In the Midst of Sorrow | Articles | The Fellowship

In the Midst of Sorrow

    Nov 7, 2021 | by The Fellowship

    Around 9 a.m. on Wednesday, August 18, I got a call saying that my husband, 56, had been in a car accident on his way to work, and I needed to get to the hospital immediately.  I phoned my sister in Houston to alert friends in our Zoom prayer group at The Fellowship and called my church here in Baltimore to ask the people in our small congregation to pray.                                          

    At the hospital, I was given a puzzling runaround about where to find my husband. The staff kept asking, “Do you have someone who can be with you?” So I texted a friend to come. Then I was ushered into a small, private waiting room to meet with a doctor.  By this point, I had feelings of dread that something was very wrong.

    When the doctor came, he said, “We did everything possible, but your husband did not make it.”  A truck in opposing traffic had swerved over into my husband’s lane and hit his car head-on.

    In shock, I was escorted to two chaplains for prayer.  My friend arrived and also the policeman in charge of the accident investigation.  He gave me my husband’s wallet and personal effects from the car.  Then my friend drove me home.  We picked up two of our three dogs at doggy daycare.  The other one, who dislikes strangers, was kenneled because of unfamiliar people who would be coming to my house.

    It all seemed like an “out of body” experience -- that I was observing this happen to someone else.  The reality was just too hard to process.  How could my beloved husband of nine years be gone?  What marvelous memories I had of our many hiking and traveling adventures! He loved the outdoors and was avidly involved in grizzly bear conservation.  My husband was a much-loved leader, mentor, and a public servant who worked 34 years for the U.S. government.  He adored sports, both participating and following his favorite professional teams. Very precious to him were our three dogs – Moxie, Kodiak and Grizzly. 

    I could not even pray, but felt comfort in knowing that many who care about me were fervently lifting me before the Lord.  The answers to their prayers started immediately.  My older sister, who lives with her husband and three kids in Cornwall, New York, dropped everything and drove down to be with me. She arrived that evening.  My other sister in Houston had Covid, so could not come until later.

    My close friend in Florida started the two-day drive on Saturday and arrived on Sunday when my sister had to leave.  Other friends in Nebraska and New York took turns coming to stay with me so I would not be alone.

    There was a steady stream of people coming through my house with all kinds of food, paper supplies, and everything else imaginable.  Among them were my two bosses who told me to take off as much time as I needed from my job and not to worry.

    Because Covid was spiking, an indoor memorial service was not advised.  But my husband’s co-workers conducted a service in an outdoor area at work.  Great stories were shared and many tributes given to my wonderful spouse.

    More than 100 cards arrived, some from friends my husband had not seen since high school.  There were beautiful plants including one with a lovely orange flower, even though the giver did not know it was his favorite color.  A bonsai plant came from my volleyball friends of nearly a decade ago.
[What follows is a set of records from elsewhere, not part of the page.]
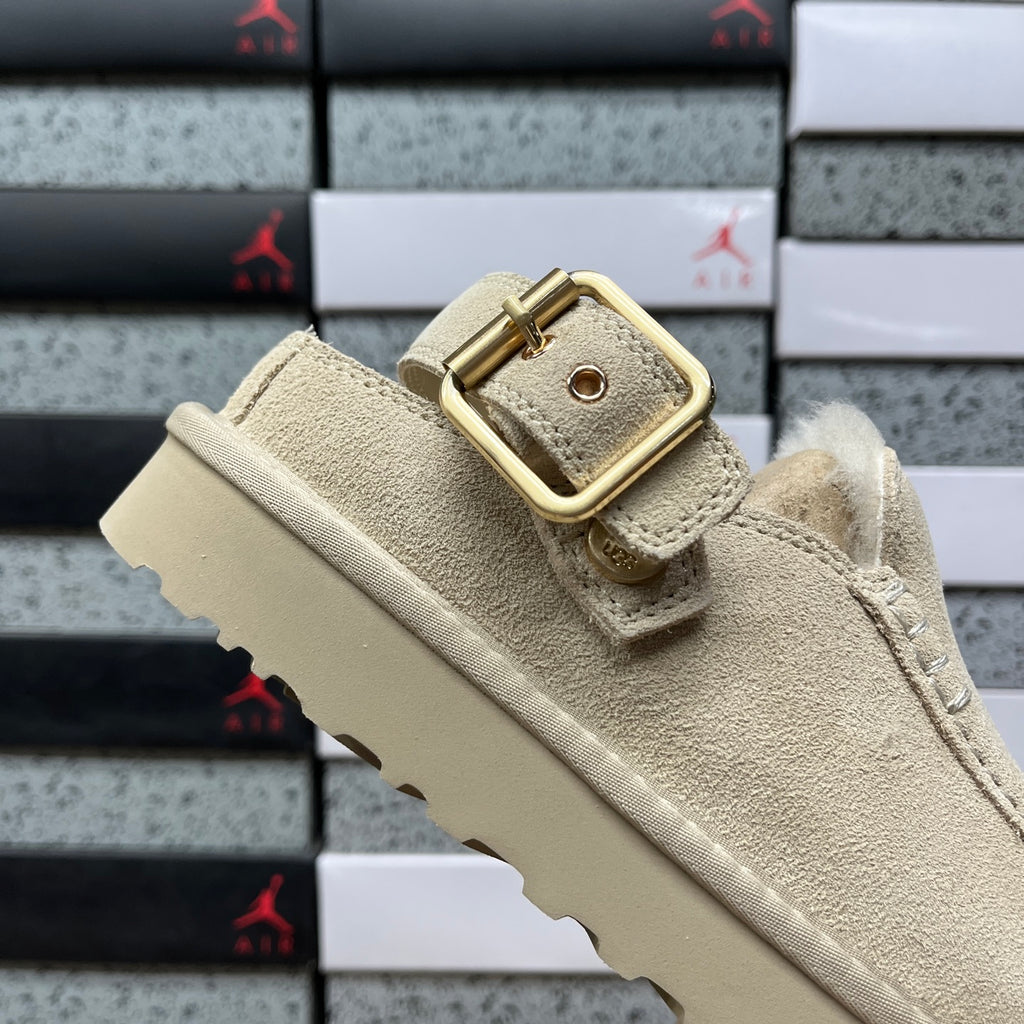 UGG Buckle-Strap Clogs in Mustard Seed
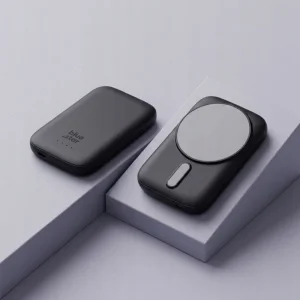 Power Bank Blue Star Slim DG-P8, 5000 mAh, Compatible with Magsafe, 15W, Black 4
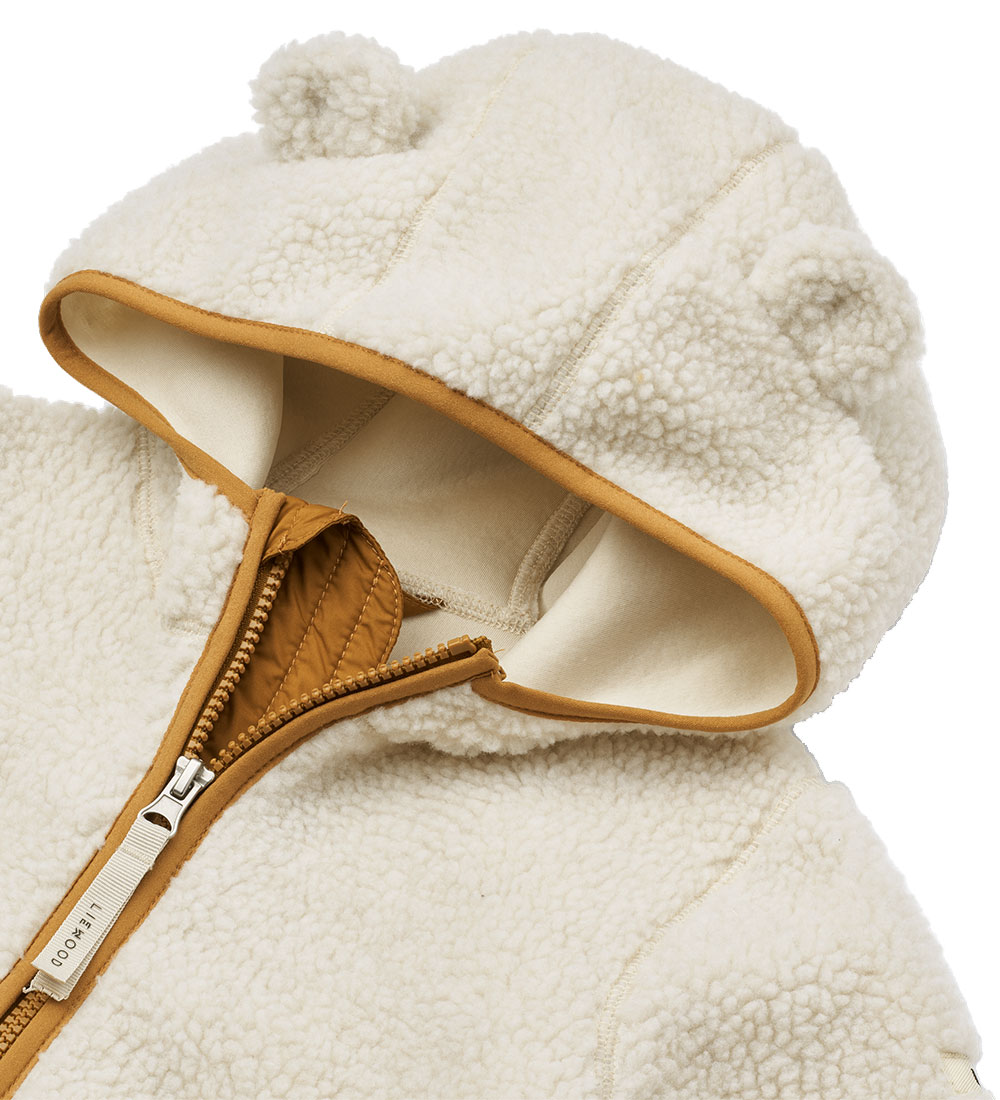 Liewood Fleece Jacket - Mara - Sandy/Golden Caramel Mix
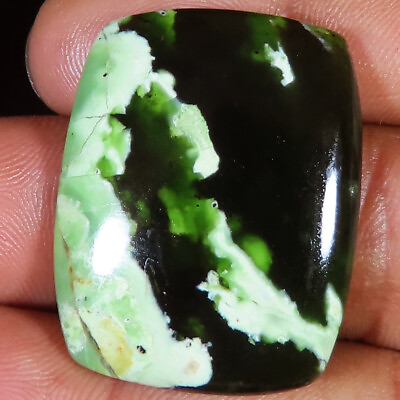 #ad 43.10 Ct Natural Green Chrome Chalcedony Cushion Shape 26x33x5 mm Gemstone C 19 $19.22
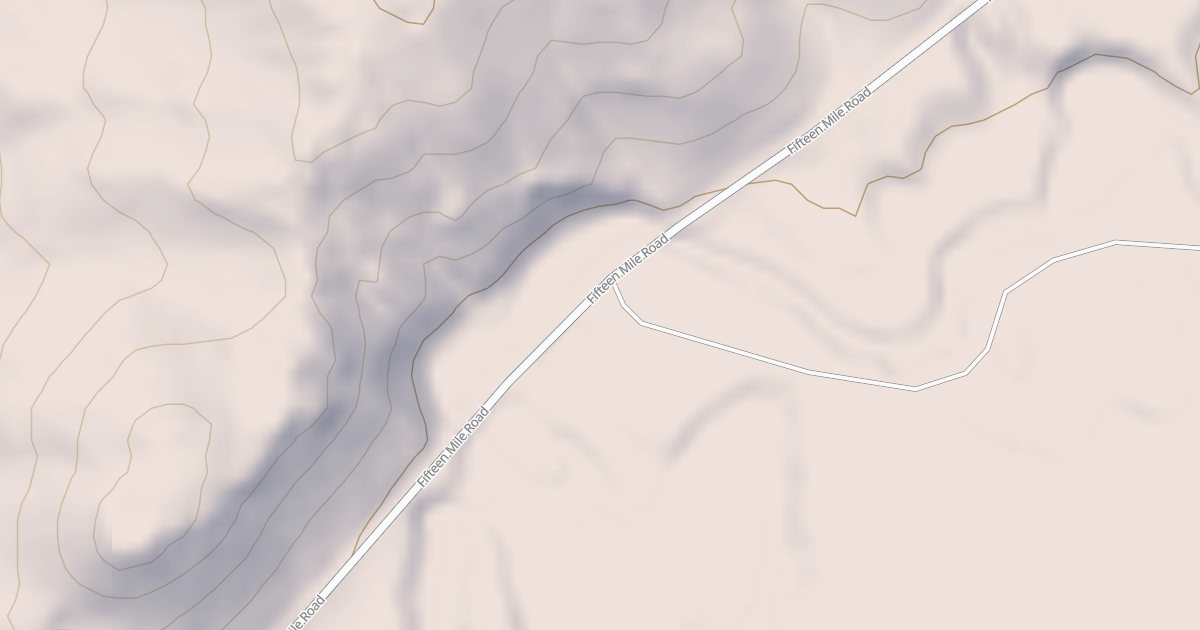 Map preview of FIFTEEN MILE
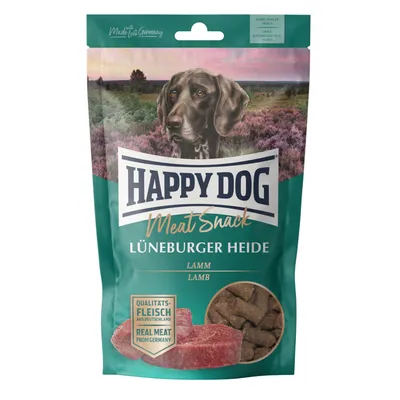 Happy Dog Meat Snack Lüneburger Heide, bárány. Minőségi hús Németországból, tartósítószer nélkül, Made in Germany.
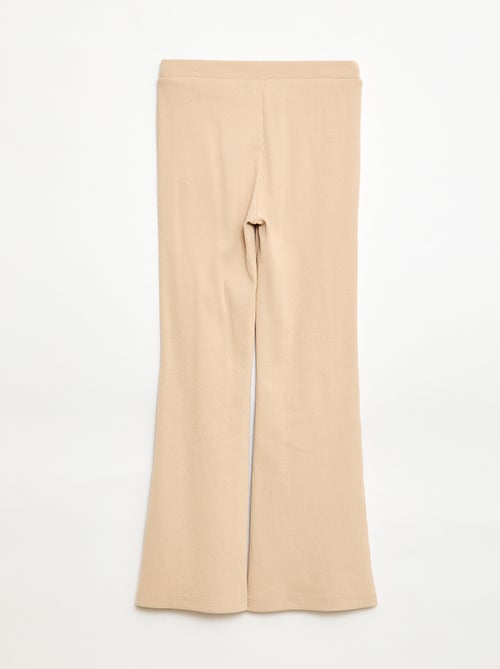 Ribfluwelen flared legging - Kiabi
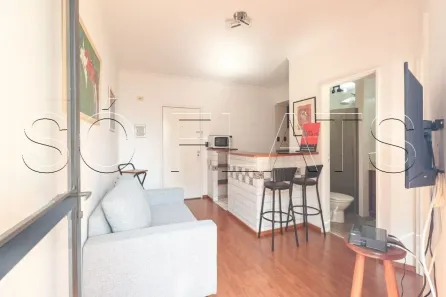 Apartamento com 1 Quarto à venda, 40m² no Indianópolis, São Paulo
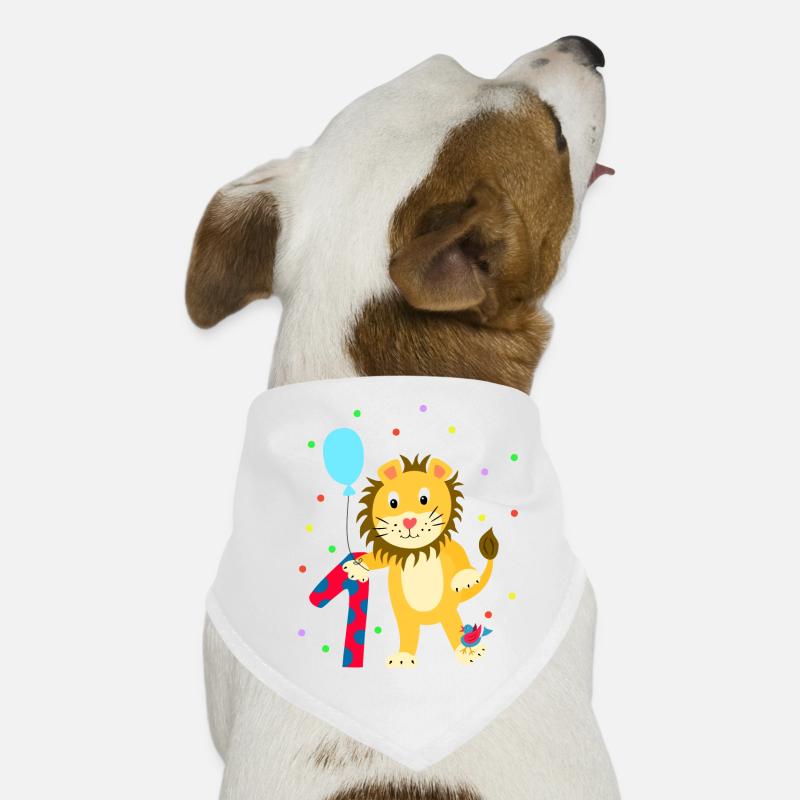 First Birthday 1st Year Lion Sweet Gift Dog Bandana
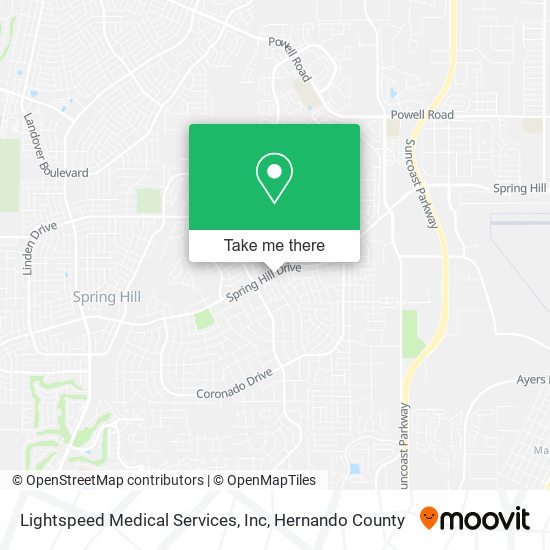 Lightspeed Medical Services, Inc map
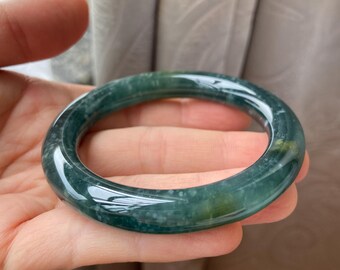 翡翠バングル 52.6 mm (2.07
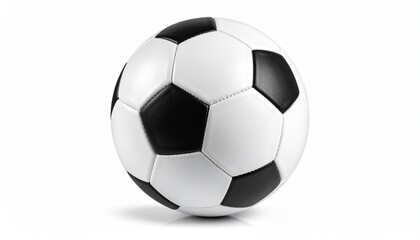 Classic Black and White Soccer Ball with Traditional Panel Design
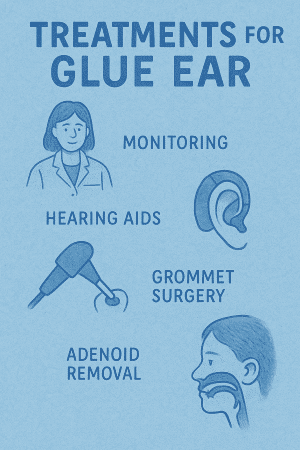 Treatments for glue ear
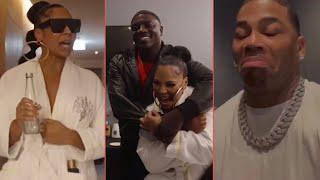 Nelly Is Jealous Of Akon After Coming Close With Ashanti ‘She Belongs Only Me, Wedding Is Scheduled’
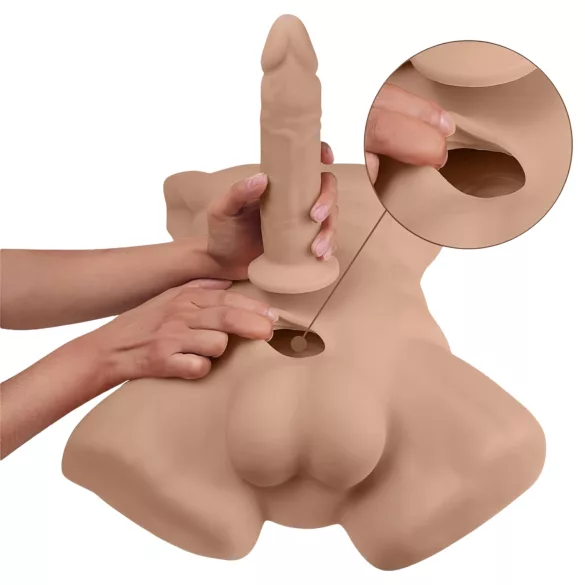 Silexd Apollo - Männer-Torso (dunkle Natur)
Unexpected generosity greeted me continually – like no charge for the dog I had kenneled or for my physical therapy massage.  And a co-worker came to fix my leaky kitchen faucet.

    My husband and I had season tickets to the Washington Mystics, the local WNBA team.  I contacted our ticket agent about reselling my husband’s tickets. Friends urged me to keep going to games with them as a good distraction from grief.  I bought a team sweatshirt with an orange emblem as a memorial for my husband.  Somehow the team heard about it and asked me to bring the sweatshirt back so they could all sign it.  The vice president of sales arranged for me to meet my husband’s favorite player.  She was wonderful, giving me her personal cell phone number and also a signed T-shirt!  The Lord was providing moments of joy in the midst of my sorrow!

    The Bible verse that has sustained me through this most difficult time in my life is Proverbs 3:5 – Trust in the Lord with all your heart and lean not on your own understanding.   And so I trust that God will continue to surround me with His presence, love and provision.  I am facing the challenges of life without my husband by focusing on my Lord.

    A.R.
                                                                                                                                                                                                    
     The Lord is close to the brokenhearted and saves those who are crushed in spirit.